Many is the boy - and probably girl - who has brought a mantid egg case home. These are those brown, somewhat spherical clusters that look like they were sprayed out of styrofoam. I did one winter, when I was but a wee lad. Smart fellow that I was, I put the egg case and part of the plant that it was attached to in an open jar, never thinking that the warmth of the house might accelerate the hatch rate a bit. It did, and one morning we were greeted by scads of Lilliputian mantids clambering throughout the lower level of the house. My mother may well still remember that episode.

My advice, should you wish to raise some of these Chinese mantids as pets? Put a lid on the jar.


Carol said…
It never occurred to me that the mantids were introduced to the US. Are there any native mantids?
Jim McCormac said…
Hi Carol,

Yes, we've got at least one native, the Carolina Mantid, a much smaller animal, and far scarcer.
Cape May Wren said…
When I was in fifth grade our class had a lid on our egg-case jar. How were we to know that when we took off the lid to reduce the condensation in the jar that the wee bitty mantids would take the opportunity to hatch?! With similar results to yours...

And yes, those are formidable claws mantids have. I don't recommend picking up one that has been stepped on and had its head smashed: the brain is no longer capable of sending out signals to the body.

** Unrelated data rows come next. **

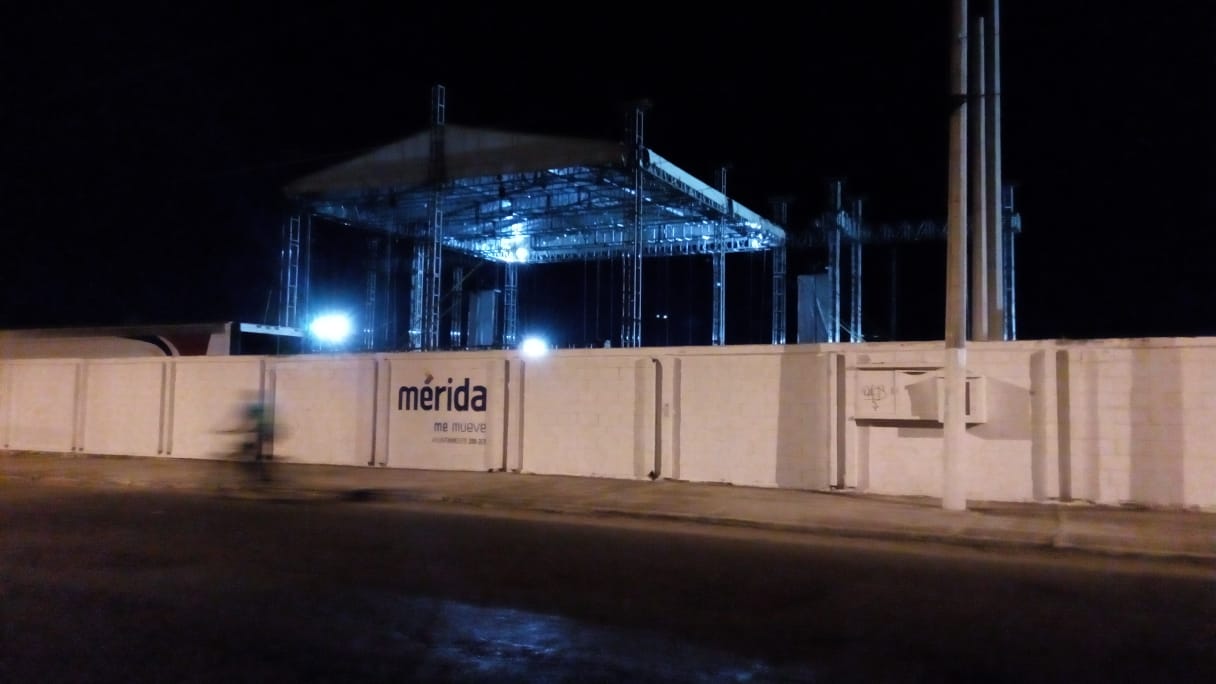 WhatsApp Image 2019 02 27 at 9.09.00 AM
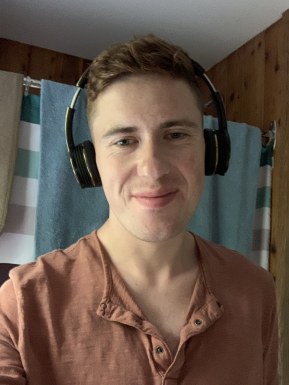 Foreign men for dating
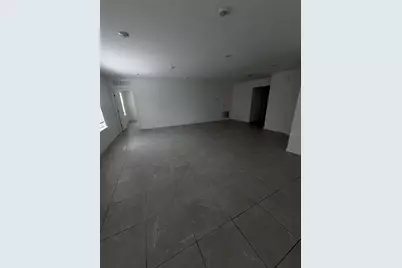 250 Marion Oaks Manor, Ocala, FL 34473 - Photo 5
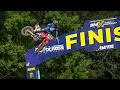 Download Lagu Budds Creek National 2025 | Pro Motocross 450 Class Highlights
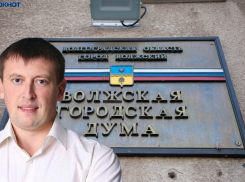 Депутаты должны стать частью народа! Эльдар Быстров о «погрязших в своих играх избранниках» и новом созыве
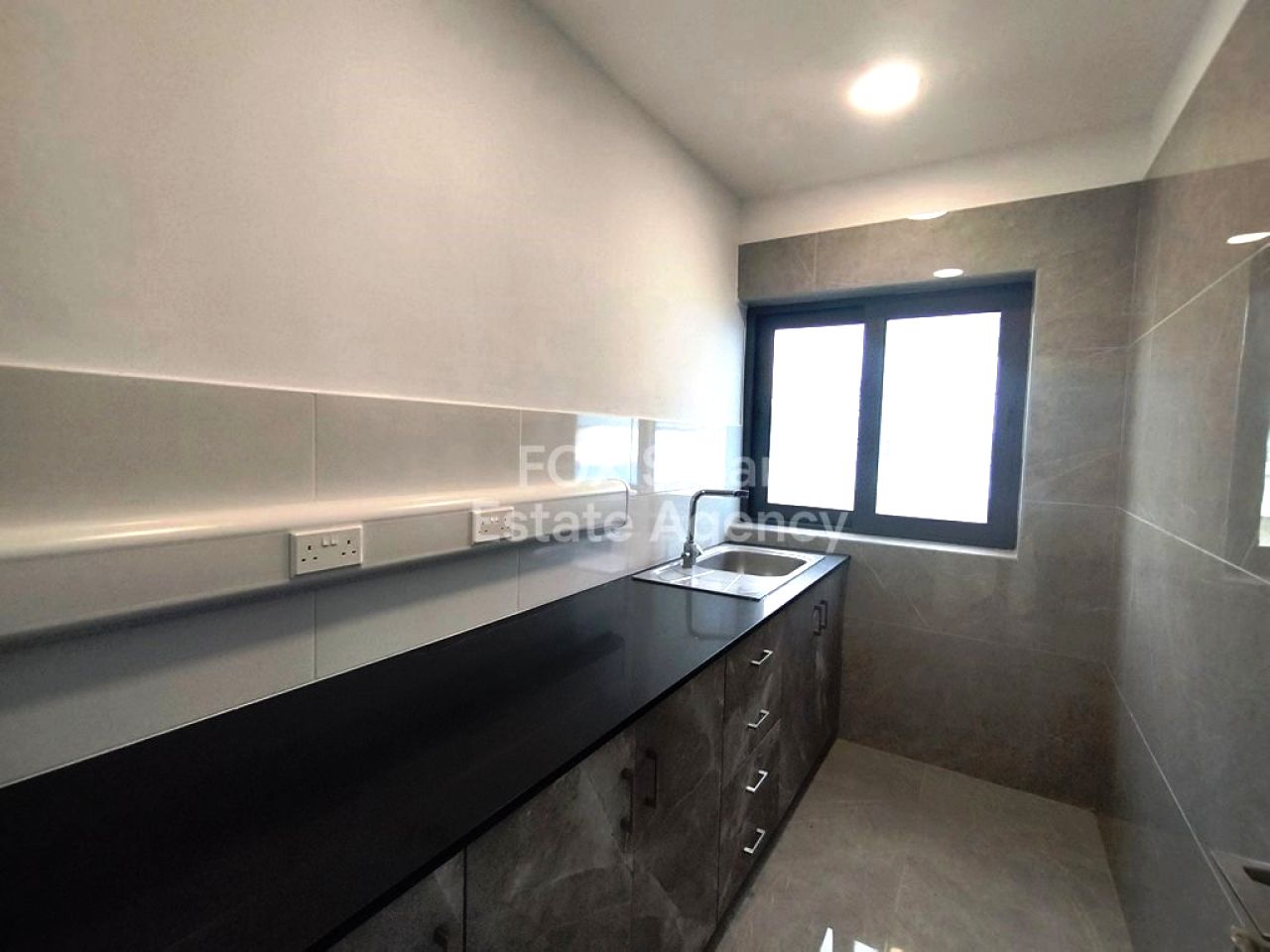 Thumbnail 8 房地产 6042 拉纳卡 / 47447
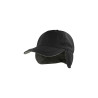 Cappello visiera curva 6 pannelli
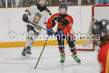 _gp_7758-Strath U13.jpg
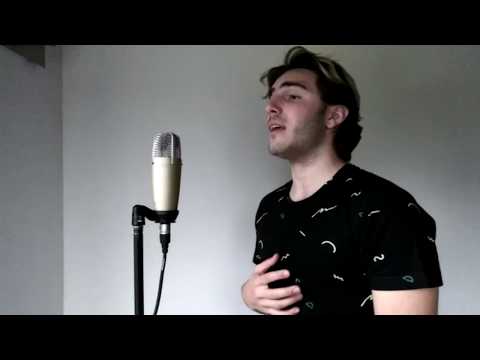 Matias Deyá - "Sign of the times" - Experiencia The Voice Argentina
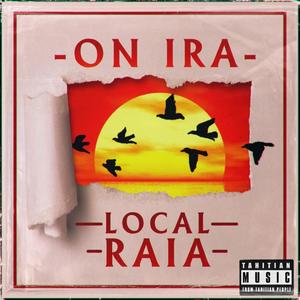 On Ira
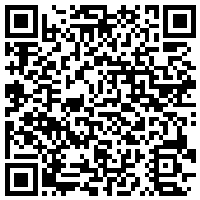 QR Code for bitcoin:bitcoin:bitcoin:bitcoin:bitcoin:bitcoin:dash:XoQj6skZecurtDoacxvNfK3RmoUqL8v5o7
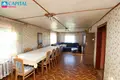 Maison 98 m² Skuige, Lituanie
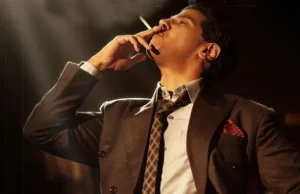 Kaantha Opens with Sensational Premiere Reviews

It took someone else with two hands free to pry the thing off my finger. That would have been about sixth grade, and to this day I don't pick up large mantises... *lol*
Vincent Lucas said…
Check out this mantid I photographed down here in Florida:
pambirds said…
Does this Chinese mantid also appear in brown? The last one I saw this season looked like yours but was brown on the top (wing portion). Thanks for your graphic description of the mantis habits(HA).
Jim McCormac said…
Sounds like you were scarred, literally and figuratively, by the mantid, CM wren!
Jim McCormac said…
Hi Pam,

Apparently Chinese Mantids are variable in color. I don't know if it is an age thing, with older individuals becoming browner, or what. Not a very satisfactory answer; maybe someone else knows.

Cool Grass-like Mantid, Vince!
Linda said…
I taught 7th grade Life Science for many years. I had a large plexiglass cage and I would raise fruit flies and Chinese Mantids in the fall. The students would catch Mantids for me. We would put a female and multiple males in the cage. She would mate multiple times with usually only the males' wings and legs on the cage floor in the morning. The female would lay eggs in October and/or November. In the indoor cage, she would die usually in early December. In December or January, the eggs would hatch with hundreds of babies. The baby mantids would eat the fruit flies, each other and anything else in the cage. In the end (April/May) there would be a couple of mantids left that we would release outside.

I had a student catch and bring a couple of fence lizards from southern Ohio. The only cage I had set up was the mantids large cage so I put the lizards in that cage until I had a planning period at the end of the day. I was teaching and one of my students sort of freaked out. I ran to the cage and the female mantid was eating the lizard's head so I covered the cage and just let her eat all she wanted out of the sight of the students. 8th period, I got the other lizard out of the cage plus the remains of the deceased headless lizard. Chinese Mantids really got my respect.
Jim McCormac said…
That's a very cool story, Linda! Major turnabout is fair play situation, with the Alpha insect eating the insect-eating reptile!
Randy Kreager said…
Did you ever see what happens when a human receives a bite from one of these? When I was a boy, our neighbor lady was bitten on the hand and her hand swelled up like a catcher's mitt! It was red, hot, and huge!!
Jim McCormac said…
Hmmm... thanks for the warning, Randy - guess we'll have to be a bit more careful with these beasts!
mangoverde said…
This one was interested in my camera last summer.

Bill Hull
Jim McCormac said…
Very nice vid, Bill, and that's probably about the last sight a mantid's victim sees.